#### [INFORMATION PROVIDED]
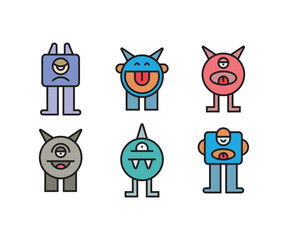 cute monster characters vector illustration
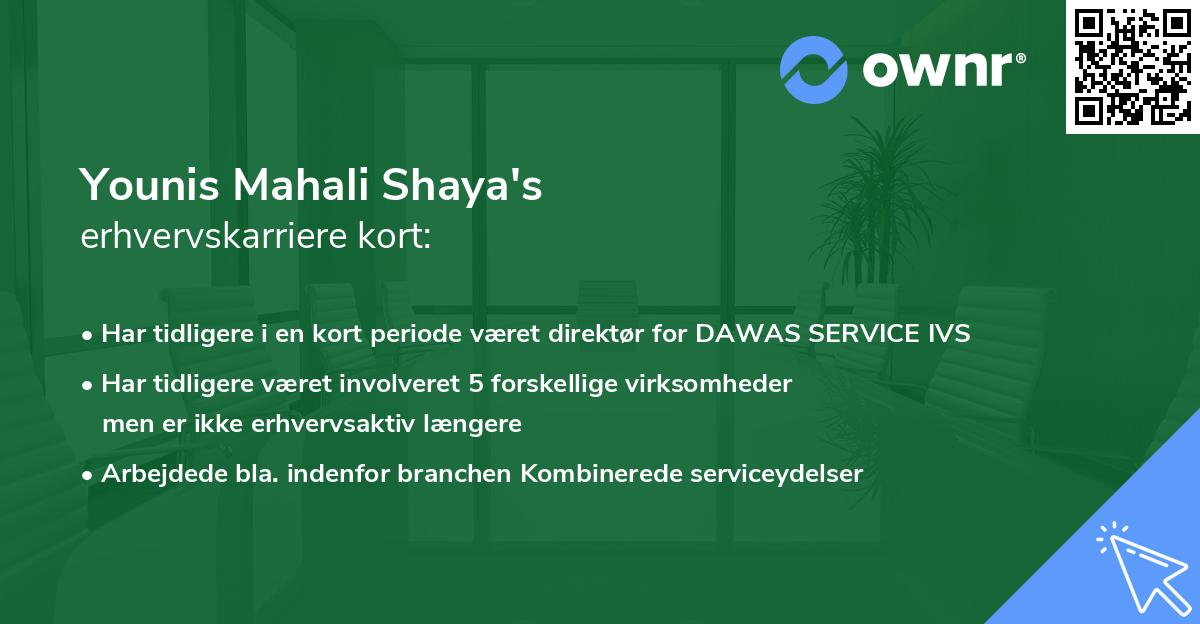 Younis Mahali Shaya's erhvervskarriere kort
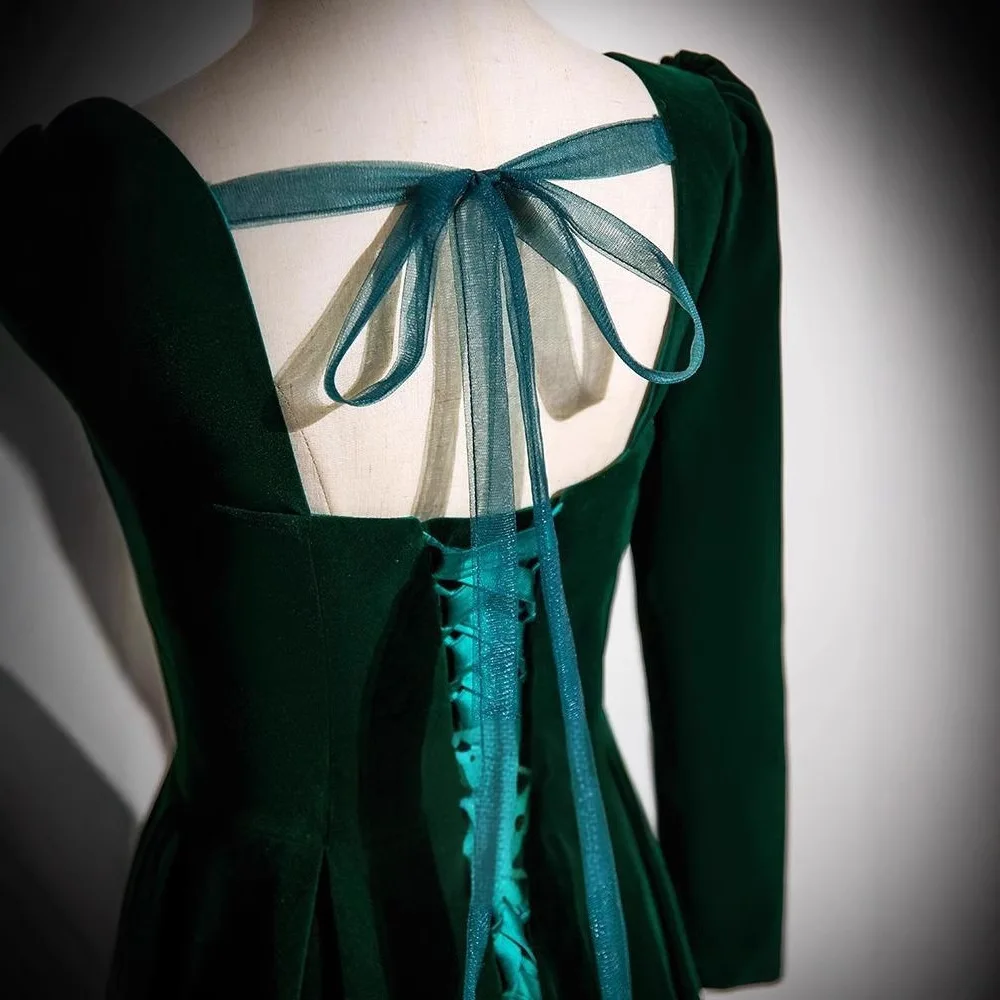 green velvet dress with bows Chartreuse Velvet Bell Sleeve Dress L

#### [TASK STATEMENT]
A word-for-word copy of all the data, without pictures, is the expected output.

#### [TASK OUTPUT]
 cute monster characters vector illustration
 Younis Mahali Shaya's erhvervskarriere kort
 green velvet dress with bows Chartreuse Velvet Bell Sleeve Dress L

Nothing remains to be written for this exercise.